Friday, May 11, 2007

The Case for Dropping Matplotlib

My pet motivation for SymPy Graphing is to aid in the creation of interactive calculus visualizations. I want to be able to write an example program which visualizes the normal and tangential components of acceleration along a curve. I want to be able to graph a 3d surface subject to a constraint, perhaps to see only the portion of a surface which falls within a cylindrical boundary. Ondrej mentioned that he would like to be able to plot curvature as the vertex color across a 3d surface. All of these things should be doable. At the same time, SymPy Graphing should be simple and intuitive enough for a non-programming Calc III student to use in Python's interactive mode as a graphing calculator.

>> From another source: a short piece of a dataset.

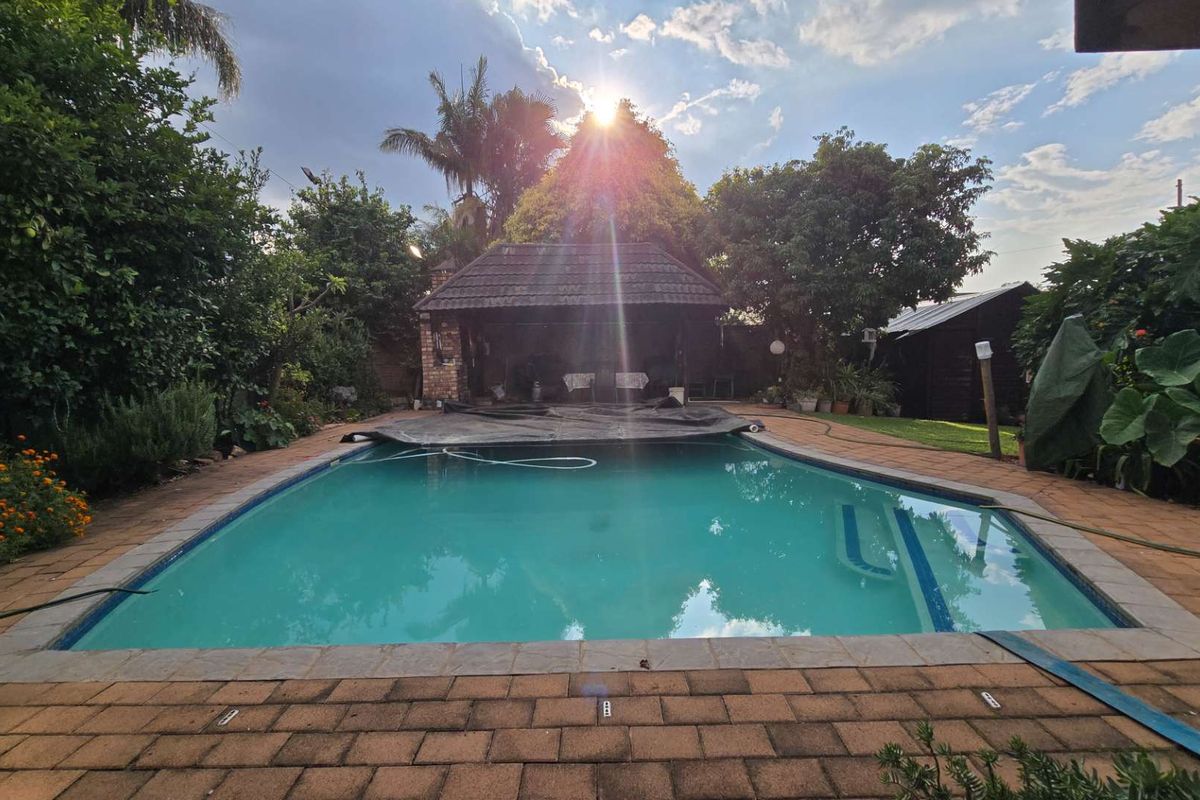 Perfect Family Haven with bonus Flatlet & Sparkling pool in Sinoville - Photo 3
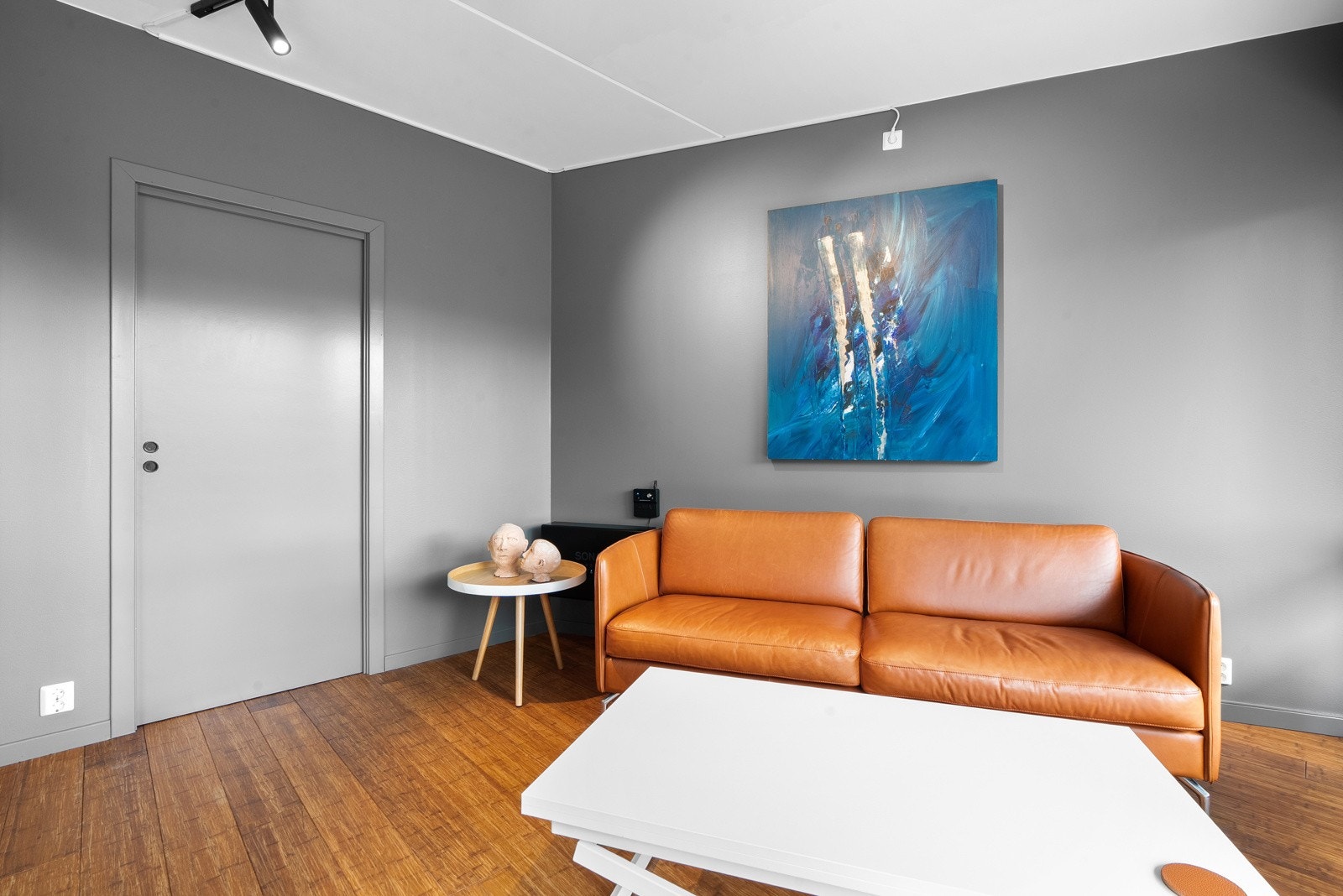 Det er gjort oppgraderinger i leiligheten med bla. nytt bambusgulv etter at eier overtok leiligheten helt ny i 2019. Galleribilde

In my work on 2d graphing this week, I've utilized matplotlib's pylab interface. Using matplotlib to plot functions from SymPy is pretty straightforward, though I find it clunky and have had many frustrations with it. But as the name implies, matplotlib isn't meant to do much beyond plotting, and has only limited 3d support. I want to do a lot more with SymPy Graphing.

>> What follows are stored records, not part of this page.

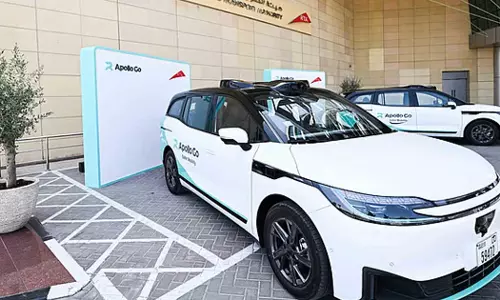 ഡ്രൈവറില്ലാ കാറുകൾ, ദുബൈയിൽ പരീക്ഷണയോട്ടം ആരംഭിക്കാൻ ബൈദു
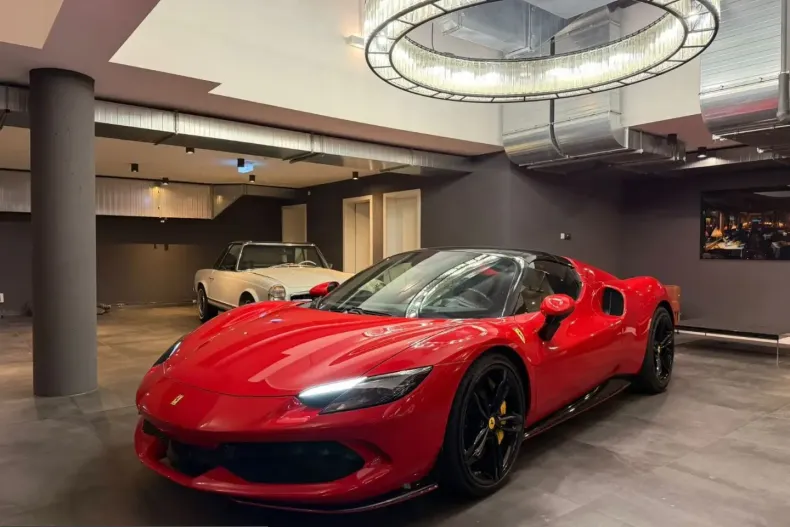 Ferrari 296 GTS din 2025 cu 6.800 km - oferta FER209497 - foto 2
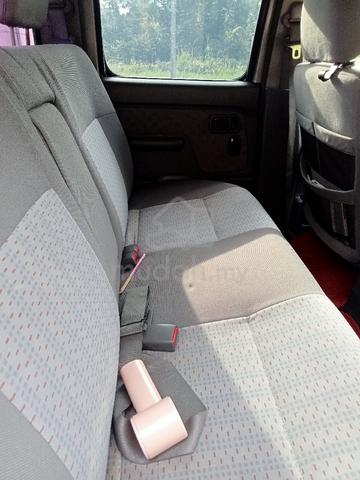 2004 Nissan FRONTIER 2.5 GRANROAD (M) - 4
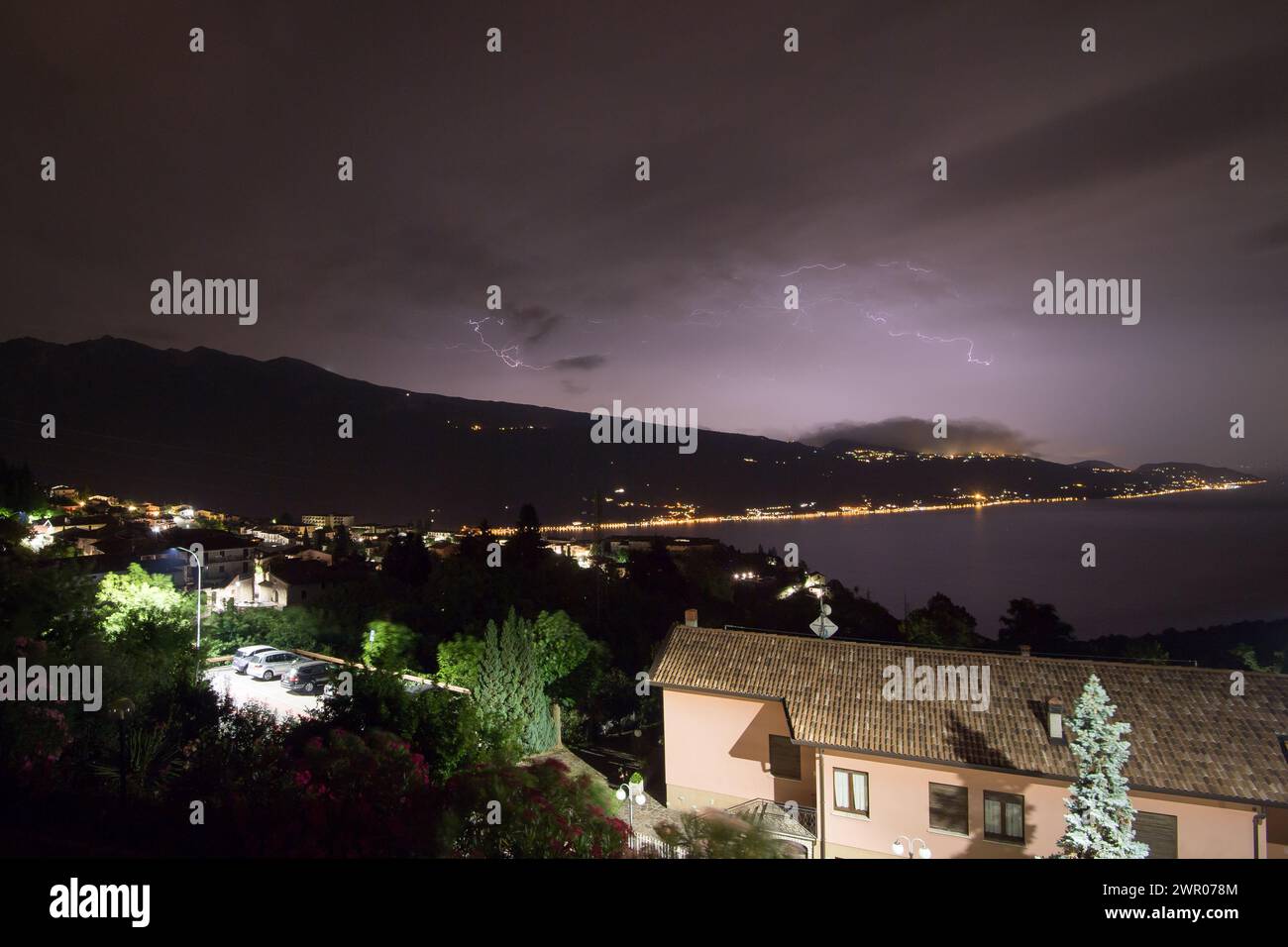Lago di Garda (Lake Garda) seen from Gardola, Tignale, Lombardy, Italy © Wojciech Strozyk / Alamy Stock Photo Stock Photo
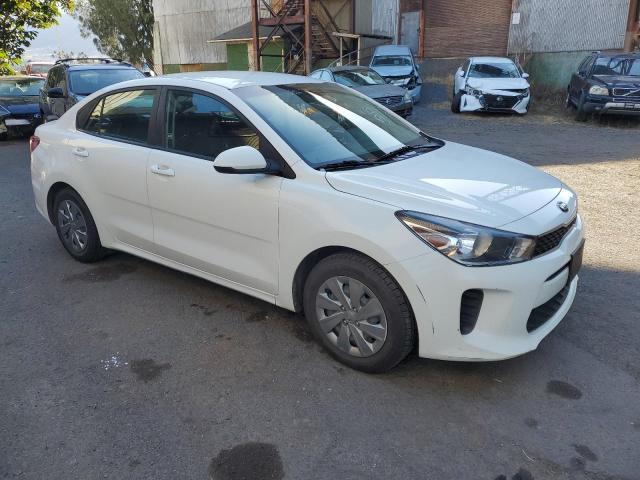 3KPA24AD5LE273065 - 2020 KIA RIO LX WHITE photo 4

As mentioned above, I'd like to support plotting an arbitrary function as the vertex color across a surface; matplotlib has no mechanism for this. Jason and I have discussed allowing geometric figures and line segments from the geometry module to be drawn through the graphing interface; again, not possible. I'd also like to support interactive rotation, zooming, translation, etc., and possibly someday (outside the scope of GSoC) point-picking; to my knowledge, you cannot do these things in matplotlib.

As I said in my proposal, 3d graphing will be supported through PyOpenGL. In general, this is not a very difficult task (there is a good summary of what it entails at the plot3d website) and this approach will provide the flexibility I want.

The upshot of all this is that I am considering a shift away from matplotlib altogether and toward supporting all graphing, 2d and 3d, through a unified OpenGL interface. I only want to support a fraction of the features of matplotlib. (I'm not trying to banish matplotlib from sympy. In any event, one can easily use matplotlib directly. See the current revision of modules/ in SVN for an example.) If my project goal was simply to write a SymPy wrapper for matplotlib, I'd be done before the official coding period even begins. To do this right, I'm going to need to get my hands a bit dirtier.

The 3d support in Matplotlib is better than I'd thought (it can do interactive rotation and scaling). There is a good example here. It also looks like it might be able to do colormaps. I'm looking into it in more depth right now.

1 comment:

Ondrej Certik said...

I agree. I think there should be a function in the graphing module, that would just give you a set of (x,y) points, and the user would do what he wants with it - for example he can call pylab.plot(x,y), or whatever. That way we are not depending on matplotlib - why should we anyway? Matplotlib, as well as any other python library, is just it - it is a library, so it should be the user who decides what libraries he wants to use. SymPy will just give him the graph in the form of points (for example the list of "x" and "y" coordinates).

For 3D plots - let's do it your way - I also think that matplotlib is not well suited for that. I don't know if it is possible, but it would be fine, if the interface would be quite similar to 2D - that sympy will just calculate the graph (for example a set of x,y,z points, or any other better representation, plus a function (or normal) that you want to plot, or whatever) and the graphing module will be more or less independent of sympy.

Maybe it would be nice, if you could investigate how mathematica and maple are doing 3D graphs.